I noticed this channel has been moved to 384, anyone know if there are plans to make it HD? Seems like Dish is moving a lot of channels lately.


----------



## garys (Nov 4, 2005)

There is no official word on either. Every few years Dish moves channels to better group similar channels together and Dish hasn't stated when this will be done. Dish says they are always looking for new channels/HD channels, I'm sure if/when Dish and Fox Movies reach an agreement, it may show up in HD.


----------



## Ray [email protected] Network (Dec 28, 2010)

Hunter844 said:


> I noticed this channel has been moved to 384, anyone know if there are plans to make it HD? Seems like Dish is moving a lot of channels lately.

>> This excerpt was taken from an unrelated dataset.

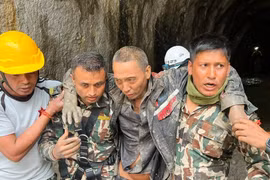 Người đàn ông được giải cứu sau 10 ngày lũ quét ở Nepal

FOX Movie Channel was moved on 4/17/13. I have not seen any communications about an HD channel for FOX Movie Channel yet. Thanks.


----------



## BillJ (May 5, 2005)

Now that Sundance has gone HD, FXMOV and MPLEX (377) are the only channels in the block that aren't HD. Hopefully both are coming.


----------



## bnewt (Oct 2, 2003)

Ray [email protected] Network said:


> FOX Movie Channel was moved on 4/17/13. I have not seen any communications about an HD channel for FOX Movie Channel yet. Thanks.


it needs to be.............the local cable company has had it in hd for about a year now.............with all of these continual price increases, Dish needs to give the consumer some reason to stay


----------